Figure 4. Fish plots illustrating resistance mechanisms in Multiple Myeloma.
Clonal Branching
The first resistance mechanism is Clonal Branching (Fig 4, left). In the high-risk condition, you can see on the fish plot that there are many different branched subclones, which can compete with each other. The low-risk fish plot shows a single linear architecture where each clone is nested under the one prior to it. In treating clonal branching, the high-risk version will be much harder to treat entirely because any particular treatment may only knock out a few branches, thus creating space for outgrowth of other branches.
Therapeutic Target Heterogeneity
When treating multiple myeloma with a therapeutic target, it can be difficult to distinguish between low-risk and high-risk with NGS or flow cytometry. It’s hard to determine if low-expressing cells for that therapeutic target are healthy cells, precursor cells, such as CHIP, or if they’re actually low-expressing multiple myeloma cells which will then expand during treatment.
In the High-Risk fishplot (Fig 4, center), you can see that the orange population, which is antigen-negative, during treatment, is the population that expands despite the antigen-positive multiple myeloma population shrinking. This is difficult to distinguish from the Low-Risk plot where you see that the only antigen-negative cells are the background wild type cells or the CHIP cells. And in that case, the patient actually responds better to treatment and the pre-cancer cells then reach a stable background.
Resistance Mutations
Lastly, resistance mutations (Fig. 4, right) may be detected by NGS, but it’s difficult to determine if it is part of the multiple myeloma disease, a precancerous phase, or MGUS phase. During treatment, the resistant clone (purple) is able to expand, whereas on the Low-Risk fishplot, the disease is actually fairly responsive to treatment, and the resistant mutation, which is in MGUS, just sort of lingers, but doesn’t ultimately expand. With these different cases, it’s very hard to distinguish the high-risk and low-risk cases with NGS and flow.
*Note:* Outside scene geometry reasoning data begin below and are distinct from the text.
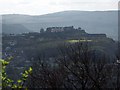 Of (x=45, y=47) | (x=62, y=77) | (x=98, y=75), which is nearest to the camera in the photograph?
(x=98, y=75)

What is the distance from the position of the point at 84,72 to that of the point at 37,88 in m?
5.62

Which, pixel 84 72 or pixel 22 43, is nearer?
pixel 84 72

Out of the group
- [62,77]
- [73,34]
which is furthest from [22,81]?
[73,34]

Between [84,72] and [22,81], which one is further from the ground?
[22,81]

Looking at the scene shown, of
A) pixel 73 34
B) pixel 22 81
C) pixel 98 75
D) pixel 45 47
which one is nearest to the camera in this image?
pixel 22 81

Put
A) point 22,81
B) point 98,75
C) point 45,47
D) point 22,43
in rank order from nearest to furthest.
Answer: point 22,81, point 98,75, point 45,47, point 22,43

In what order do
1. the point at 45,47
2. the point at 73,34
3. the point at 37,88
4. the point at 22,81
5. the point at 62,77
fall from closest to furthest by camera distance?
the point at 22,81
the point at 62,77
the point at 37,88
the point at 45,47
the point at 73,34

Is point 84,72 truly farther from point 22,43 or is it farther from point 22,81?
point 22,43

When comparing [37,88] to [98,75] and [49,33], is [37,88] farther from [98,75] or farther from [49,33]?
[49,33]

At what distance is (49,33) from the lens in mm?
163125

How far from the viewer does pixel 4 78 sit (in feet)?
21.8

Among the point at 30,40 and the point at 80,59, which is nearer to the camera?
the point at 80,59

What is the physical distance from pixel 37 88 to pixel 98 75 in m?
6.28

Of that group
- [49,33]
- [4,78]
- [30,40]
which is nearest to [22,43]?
[30,40] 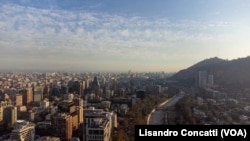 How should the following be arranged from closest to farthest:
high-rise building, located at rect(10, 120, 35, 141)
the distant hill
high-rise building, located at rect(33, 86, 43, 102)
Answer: high-rise building, located at rect(10, 120, 35, 141) → high-rise building, located at rect(33, 86, 43, 102) → the distant hill

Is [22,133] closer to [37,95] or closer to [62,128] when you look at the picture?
[62,128]

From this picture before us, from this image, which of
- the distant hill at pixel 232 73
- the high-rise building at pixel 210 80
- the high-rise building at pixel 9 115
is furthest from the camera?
the high-rise building at pixel 210 80

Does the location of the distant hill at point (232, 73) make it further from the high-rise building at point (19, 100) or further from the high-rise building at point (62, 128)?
the high-rise building at point (62, 128)

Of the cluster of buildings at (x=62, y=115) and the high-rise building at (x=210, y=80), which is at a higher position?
the high-rise building at (x=210, y=80)

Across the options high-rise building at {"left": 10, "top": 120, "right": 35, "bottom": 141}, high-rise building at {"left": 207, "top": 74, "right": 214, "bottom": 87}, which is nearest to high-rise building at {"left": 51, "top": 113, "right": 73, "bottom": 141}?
high-rise building at {"left": 10, "top": 120, "right": 35, "bottom": 141}

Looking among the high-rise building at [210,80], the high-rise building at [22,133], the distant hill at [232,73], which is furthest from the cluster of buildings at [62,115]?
the distant hill at [232,73]

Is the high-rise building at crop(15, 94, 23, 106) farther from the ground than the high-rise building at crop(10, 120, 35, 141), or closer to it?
farther from the ground

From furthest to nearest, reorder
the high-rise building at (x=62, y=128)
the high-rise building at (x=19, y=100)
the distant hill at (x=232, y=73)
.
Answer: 1. the distant hill at (x=232, y=73)
2. the high-rise building at (x=19, y=100)
3. the high-rise building at (x=62, y=128)

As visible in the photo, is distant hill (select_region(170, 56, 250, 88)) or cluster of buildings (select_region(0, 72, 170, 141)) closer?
cluster of buildings (select_region(0, 72, 170, 141))

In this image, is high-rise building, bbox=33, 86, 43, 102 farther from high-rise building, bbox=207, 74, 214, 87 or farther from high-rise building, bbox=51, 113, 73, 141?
high-rise building, bbox=207, 74, 214, 87

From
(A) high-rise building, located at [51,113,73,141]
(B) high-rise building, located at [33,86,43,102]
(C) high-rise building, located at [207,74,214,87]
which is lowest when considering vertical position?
(A) high-rise building, located at [51,113,73,141]

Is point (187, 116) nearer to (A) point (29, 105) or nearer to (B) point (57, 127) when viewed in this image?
(B) point (57, 127)

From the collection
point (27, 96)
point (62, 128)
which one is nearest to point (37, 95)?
point (27, 96) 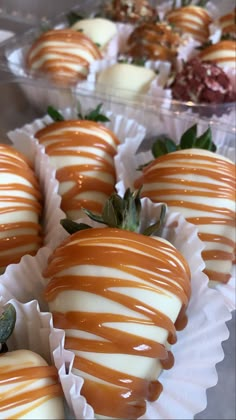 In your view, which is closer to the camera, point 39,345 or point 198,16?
point 39,345

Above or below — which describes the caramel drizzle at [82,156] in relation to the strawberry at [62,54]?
below

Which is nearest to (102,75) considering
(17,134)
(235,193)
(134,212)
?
(17,134)

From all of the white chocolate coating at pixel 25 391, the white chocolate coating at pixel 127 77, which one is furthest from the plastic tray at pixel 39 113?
the white chocolate coating at pixel 25 391

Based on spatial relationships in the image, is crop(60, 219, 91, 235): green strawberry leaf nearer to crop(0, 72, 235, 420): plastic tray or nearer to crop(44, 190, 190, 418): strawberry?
crop(44, 190, 190, 418): strawberry

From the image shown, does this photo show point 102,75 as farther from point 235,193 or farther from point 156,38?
point 235,193

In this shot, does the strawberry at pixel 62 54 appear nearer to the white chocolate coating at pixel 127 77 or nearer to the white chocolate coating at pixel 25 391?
the white chocolate coating at pixel 127 77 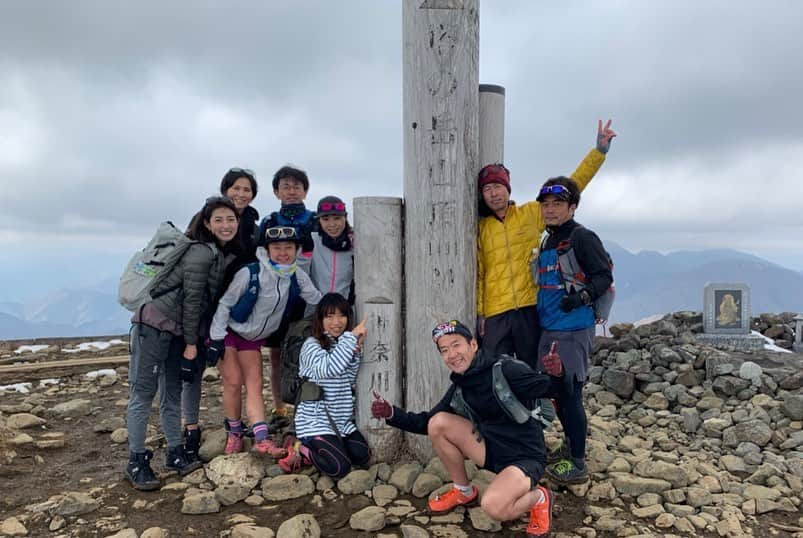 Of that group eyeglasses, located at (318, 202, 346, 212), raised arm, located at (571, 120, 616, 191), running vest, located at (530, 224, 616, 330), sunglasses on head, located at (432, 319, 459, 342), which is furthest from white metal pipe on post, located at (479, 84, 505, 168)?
sunglasses on head, located at (432, 319, 459, 342)

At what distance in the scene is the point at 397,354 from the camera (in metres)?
4.89

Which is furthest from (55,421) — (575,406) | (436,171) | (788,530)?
(788,530)

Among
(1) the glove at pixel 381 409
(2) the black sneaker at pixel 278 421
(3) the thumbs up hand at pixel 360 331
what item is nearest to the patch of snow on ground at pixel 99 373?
(2) the black sneaker at pixel 278 421

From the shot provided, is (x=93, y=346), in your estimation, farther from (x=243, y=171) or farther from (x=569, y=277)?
(x=569, y=277)

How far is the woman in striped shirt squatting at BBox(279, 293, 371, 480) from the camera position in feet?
15.2

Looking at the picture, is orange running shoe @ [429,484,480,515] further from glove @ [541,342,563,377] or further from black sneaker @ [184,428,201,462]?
black sneaker @ [184,428,201,462]

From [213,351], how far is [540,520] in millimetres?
2923

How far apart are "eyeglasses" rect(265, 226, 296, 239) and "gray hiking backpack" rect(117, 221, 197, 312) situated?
2.25ft

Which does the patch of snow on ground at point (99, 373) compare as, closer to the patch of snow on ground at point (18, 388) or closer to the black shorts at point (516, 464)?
the patch of snow on ground at point (18, 388)

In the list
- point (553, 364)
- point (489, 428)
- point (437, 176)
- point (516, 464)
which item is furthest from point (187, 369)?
point (553, 364)

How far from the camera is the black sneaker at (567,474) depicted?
4.60m

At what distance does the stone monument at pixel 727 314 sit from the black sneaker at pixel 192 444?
9.61 meters

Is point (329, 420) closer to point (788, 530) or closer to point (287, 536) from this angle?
point (287, 536)

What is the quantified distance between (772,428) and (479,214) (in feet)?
15.5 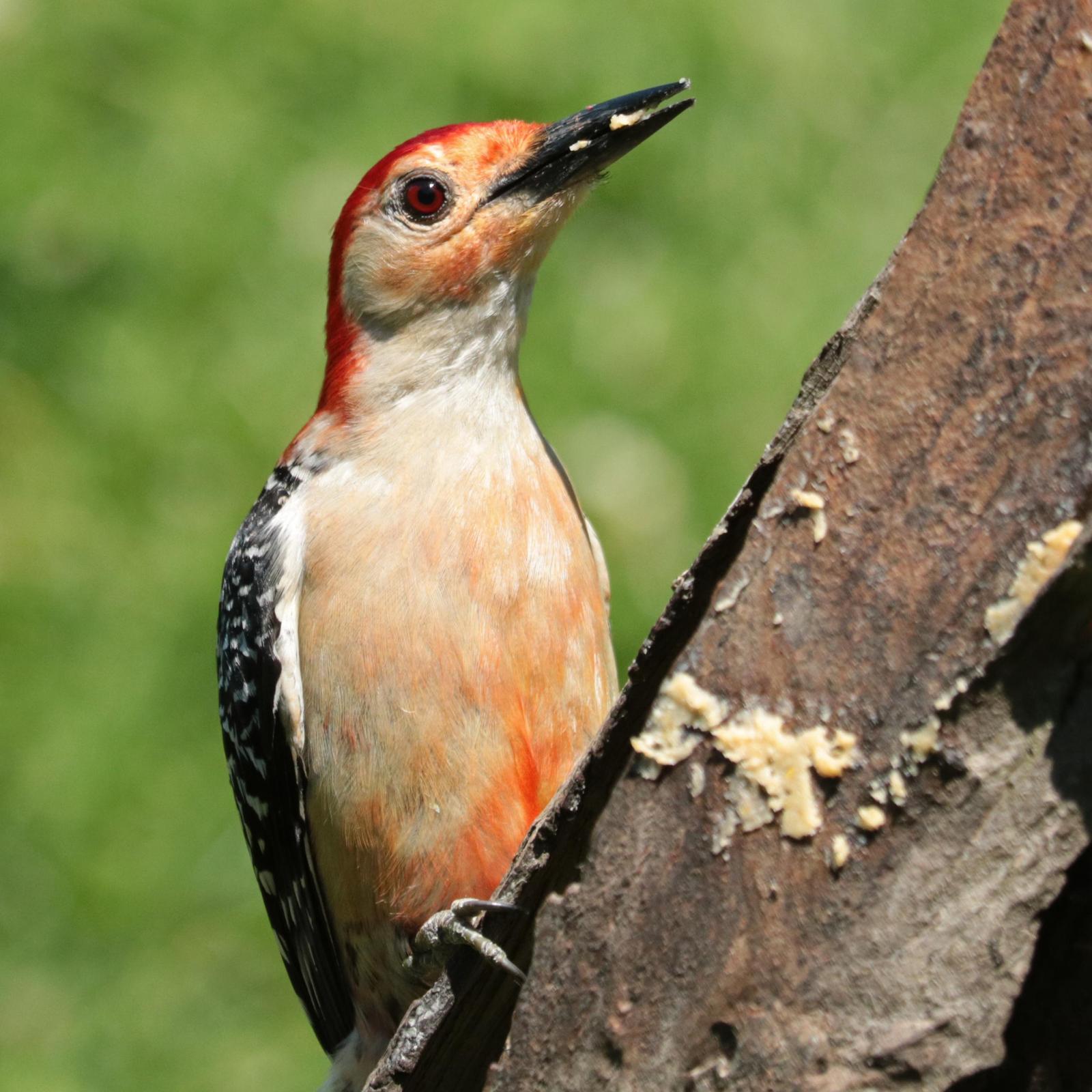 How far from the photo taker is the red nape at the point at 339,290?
221 inches

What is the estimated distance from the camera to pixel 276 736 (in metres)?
5.18

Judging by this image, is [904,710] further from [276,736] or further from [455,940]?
[276,736]

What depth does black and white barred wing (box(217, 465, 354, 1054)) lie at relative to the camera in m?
5.16

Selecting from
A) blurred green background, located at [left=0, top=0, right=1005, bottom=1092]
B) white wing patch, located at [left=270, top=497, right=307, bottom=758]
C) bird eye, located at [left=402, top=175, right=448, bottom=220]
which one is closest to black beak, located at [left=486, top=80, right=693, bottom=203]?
bird eye, located at [left=402, top=175, right=448, bottom=220]

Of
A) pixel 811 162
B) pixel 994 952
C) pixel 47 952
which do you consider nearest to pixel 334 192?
pixel 811 162

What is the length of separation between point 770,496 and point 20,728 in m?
5.75

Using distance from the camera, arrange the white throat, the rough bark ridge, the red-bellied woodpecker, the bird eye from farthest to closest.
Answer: the bird eye → the white throat → the red-bellied woodpecker → the rough bark ridge

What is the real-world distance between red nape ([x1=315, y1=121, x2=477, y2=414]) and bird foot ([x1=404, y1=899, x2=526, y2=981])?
1847 mm

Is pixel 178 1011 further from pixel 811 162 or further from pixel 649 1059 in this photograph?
pixel 811 162

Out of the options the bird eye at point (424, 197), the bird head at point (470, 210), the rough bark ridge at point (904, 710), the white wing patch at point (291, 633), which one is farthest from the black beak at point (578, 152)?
the rough bark ridge at point (904, 710)

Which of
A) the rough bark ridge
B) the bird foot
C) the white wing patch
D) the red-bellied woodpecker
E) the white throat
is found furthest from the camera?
the white throat

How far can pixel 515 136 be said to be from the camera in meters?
5.60

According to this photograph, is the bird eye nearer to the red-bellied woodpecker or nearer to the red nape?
the red-bellied woodpecker

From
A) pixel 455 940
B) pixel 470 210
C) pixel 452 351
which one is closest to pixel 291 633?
pixel 452 351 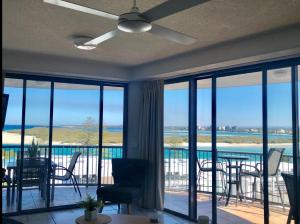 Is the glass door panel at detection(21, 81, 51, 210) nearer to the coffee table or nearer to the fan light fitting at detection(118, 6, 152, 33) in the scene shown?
the coffee table

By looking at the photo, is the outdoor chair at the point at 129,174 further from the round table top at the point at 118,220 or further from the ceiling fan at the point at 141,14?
the ceiling fan at the point at 141,14

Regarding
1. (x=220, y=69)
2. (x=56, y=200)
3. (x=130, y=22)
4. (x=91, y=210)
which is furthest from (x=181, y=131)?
(x=130, y=22)

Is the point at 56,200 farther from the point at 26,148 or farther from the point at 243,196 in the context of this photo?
the point at 243,196

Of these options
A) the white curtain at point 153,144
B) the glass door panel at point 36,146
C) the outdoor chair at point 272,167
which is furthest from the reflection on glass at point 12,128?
the outdoor chair at point 272,167

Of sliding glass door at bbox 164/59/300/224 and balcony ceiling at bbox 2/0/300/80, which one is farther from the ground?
balcony ceiling at bbox 2/0/300/80

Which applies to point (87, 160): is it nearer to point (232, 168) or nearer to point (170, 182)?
point (170, 182)

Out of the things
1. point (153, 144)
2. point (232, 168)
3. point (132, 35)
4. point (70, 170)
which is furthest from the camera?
point (70, 170)

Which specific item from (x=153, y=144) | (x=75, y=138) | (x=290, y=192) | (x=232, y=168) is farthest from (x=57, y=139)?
(x=290, y=192)

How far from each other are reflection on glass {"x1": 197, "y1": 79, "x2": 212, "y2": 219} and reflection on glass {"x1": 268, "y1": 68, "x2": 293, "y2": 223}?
98cm

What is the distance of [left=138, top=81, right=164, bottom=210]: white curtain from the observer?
195 inches

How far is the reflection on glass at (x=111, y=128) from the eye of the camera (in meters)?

Multiple Myeloma Time Points on Tapestri
Figure 5. Smoldering Multiple Myeloma tree (left) and Multiple Myeloma diagnostic tree (right)
The Tapestri platform helps elucidate the clonal architecture of complex diseases like Multiple Myeloma. Figure 5 depicts two clonal architecture trees from the same patient at different time points. On the left (Fig 5., left) you see the clonal tree from smoldering multiple myeloma, which is an earlier phase of the disease. On the right (Fig. 5, right), you have the diagnostic time point, where you can see a very complex structure with multiple different clones. Clones on the MM diagnostic tree are characterized by clonotype, VDJ, copy number, the chromosome arms that were gained or lost, and also protein expression.
For example, Clone 1 (orange) has a loss of Copy 8, 12, 13, and x, has a higher expression of CD56 and CD200, and has clonal VDJ, unlike the healthy cells above it.
You can see post-treatment that Clone 2 becomes smaller and Clone 6 and Clone 7 expand. This is very hard to predict but with the Tapestri platform, you’re not only able to discern these rare or disparate subclones but able to track how they respond.
Utilizing Single-Cell for Research and Development
Single-cell DNA multi-omics has the potential to accelerate clinical research and discovery and development of safer and more effective treatments for blood cancers. AML and Multiple Myeloma are just two use cases where the Tapestri platform can better characterize rare cells so that you can more accurately predict relapse by combining the genotype and phenotype, in addition to sensitivity. These assays are better able to guide therapy due to the ability to distinguish the complex diversity of the clones, with the potential to guide and impact the development of future therapies.